There it was in bold letters. MARY DAD-BLASTED KAY.

I didn't say anything to her. For one thing, I couldn't. Girlfriend was long gone. I registered the conversation and the awkward approach, though.

And wondered if she really liked my jacket at all.

The Mary Kay experience didn't stop then.

"Oh, I LOVE your make-up!" another girl told me in the gift bag aisle of Target months later. "You just really have a nice way of putting it on and everything."

"Thanks? Do I even have any make-up right now?"

"Oh, yes. It looks beautiful! Where do you buy make-up?"

"Umm. Walgreens."

"Ohhhhh. Well, can I introduce you to something better? How about you get some of your friends together and we'll have a spa day? You know an all girls thing. Just us girls!", she spurted out like she had just suggested ice cream for dinner to her toddler.

"Hold on a min..."

"Here's my card. Definitely call me! And your friends can bring their friends. The more, the merrier!"

And, there she was.

Right in bold print.

MARY.

KAY.

I narrowed my eyes as I looked at the card but by the time I raised my head and painfully remembered my make-up looked like crap all along, Gift Bag Aisle Girl was gone. She had jumped ship and was off complimenting another girl on the make-up she was hardly wearing, no doubt.

Gift Bag Aisle Girl was my last brush with The Mary Kay Mafia, which, of course, are girls you don't know AT ALL who approach you in public, falsely compliment you and then try to lure you into a "spa day", which, of course, is just a "buy my make-up" day. A "buy my make-up and bring your friends and try to get them to buy my make-up" day. And "get a free sample of 'Satin Hands' day".

For me, The Mary Kay Mafia has tainted all future interactions with Mary Kay users.

"What make-up do you use?"
"Mary Kay."
"DID YOU JUST SAY 'MARY KAY'? HOLD ME BACK. SOMEONE HOLD ME BACK!"

(And that was just my reaction to a frail 90-year-old lady.)

The Mary Kay Mafia isn't the real mafia.
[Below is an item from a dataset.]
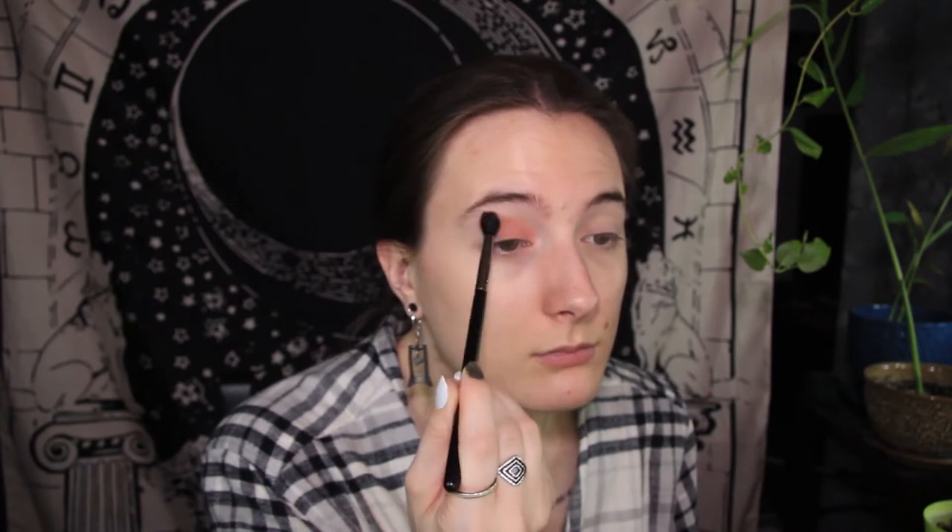So we're gonna go in with Nearly Rose, just on the inner portion. I'm gonna take my Morphe M330 and just blend that through the inner corner, through to the middle of my eyelid, taking it up and into the crease as well, and just blend that out as best as you can. I really like the blendability of these eyeshadows.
I mean, they don't use criminal methods to advance their group, unless you count LYING about liking my jacket a crime, which, let's face it, it totally should be.

I am not calling out all pyramid make-up companies, which, as we know, are in plentiful supply. Arbonne. Beauty Control. Avon. Maybelline.

I am really not even calling out Mary Kay. I am sure the make-up and all the related products are fabulous.And we know those pink cadillacs are fabulousnotreally.

I'm just calling out The Mary Kay Mafia.

The Mary Kay Corleones of the world.

Quit complimenting our jackets unless you mean it.

(And, hey, do you have any more free samples of "Satin Hands"?)